Théo continua malgré tout à s’enfoncer dans l’obscurité. Son parcours sinueux déboucha sur une immense pièce voûtée. De part et d’autre de ce qui devait être l’autel, deux enfilades de bancs d’église se faisaient face. Un messager capuchonné s’avança vers l’hôte de la Confrérie, sous les grivoiseries de ses pairs. Ils portaient tous la même tenue uniforme, une grande cape noire en toile de jute, surmontée d’une capuche qui masquait une partie de leur identité. Théo remis un paquet enroulé dans du papier craft au messager, qui disparut aussitôt derrière une porte dérobée. Le novice s’avança dans la travée centrale sous les regards de ceux qui allaient devenir ses frères. Un clavecin s’anima sous les doigts agiles d’un fidèle, annonçant l’arrivée de La Grande Prêtresse. Elle fit son entrée, simplement enveloppée dans une cape de satin rouge sang. Le novice eut du mal à reconnaître Mary-Ann, ses traits étaient tellement plus durs, soulignés par un maquillage outrancier. Un lourd diadème d’argent et d’onyx surmontait sa filasse chevelure trop claire. Sa voix prit des accents graves, solennels. Elle ordonna aux exécutants de ligoter celui qui allait être des leurs. La Grande Prêtresse tomba la cape, dévoilant ainsi sa complète nudité, et s’approcha du récipiendaire. Elle se hissa sur la pointe des pieds pour poser ses lèvres écarlates sur celles de Théo. Mary-Ann était le serpent et la pomme, tout ce qui avait jadis condamné le jardin d’Eden. Elle porta à la bouche du jeune homme une fiole contenant un poison quasi instantané.

— Bois, et ton âme sera libérée de ses chaînes tentatrices.

Un chant gaélique aux relents sataniques s’éleva dans l’assemblée à mesure que le liquide saumâtre s’écoulait dans la gorge du nouveau Confrère. Théo suffoqua soudainement, comme s’il était atteint du syndrome d’Ondine. Un kaléidoscope de lumière dansait devant lui, puis plus rien.

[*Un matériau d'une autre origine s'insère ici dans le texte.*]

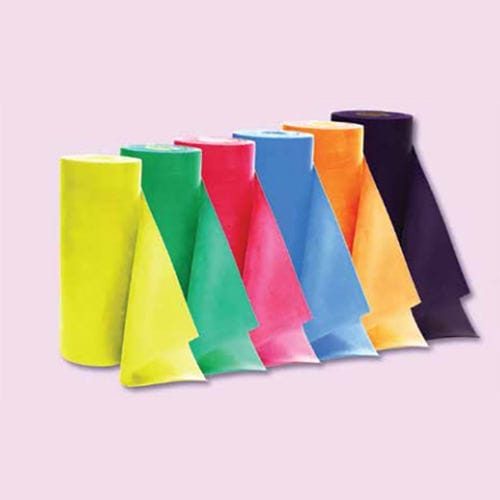 Foglio Gomma Naturale 100x140cm Spessore 3mm - Nero, Alta Elasticità Per Fai Da Te E Riparazioni - Foto 4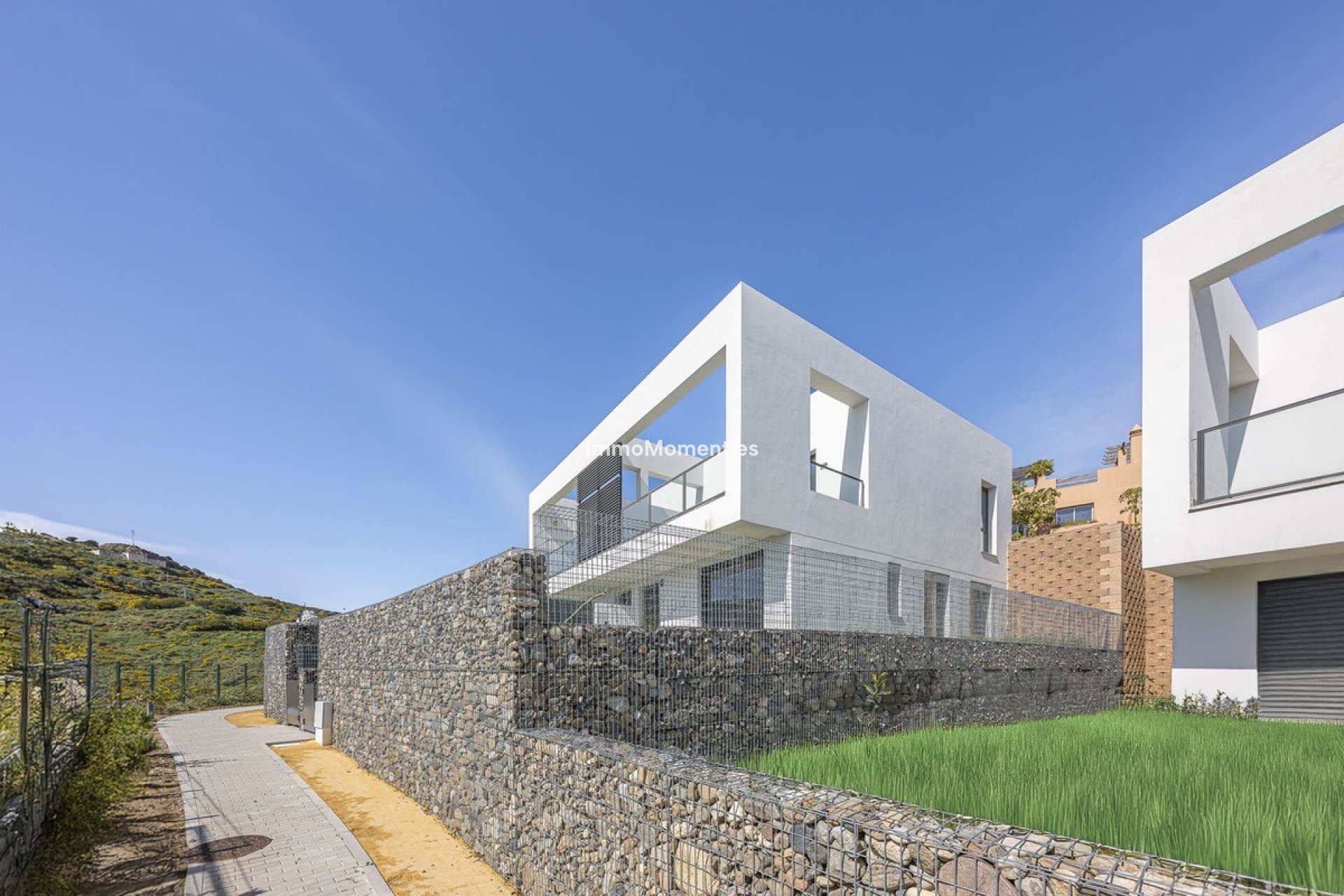 Revente - Maison mitoyenne - Mijas Costa - Riviera Del Sol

Le vide, le néant éternel. Les exécutants détachèrent le corps inerte et l’allongèrent à l’intérieur du cercueil posé sur le catafalque. Puis on embrasa sa dernière demeure pendant que deux fidèles tendaient sa cape à La Grande Prêtresse. Elle s’en retourna vers ses appartements, mais au détour d’une galerie, elle fut interpellée par son aïeul.

— Choisis mieux ta prochaine victime, ma petite-fille, celle-ci ne valait pas grand-chose…

— N’aie crainte, Patriarche, celle-ci devrait remplir toutes les conditions requises pour l’élévation de nos âmes…

Un rictus démoniaque déforma le visage juvénile de la jolie blonde. Et elle s’évapora dans des volutes fantomatiques.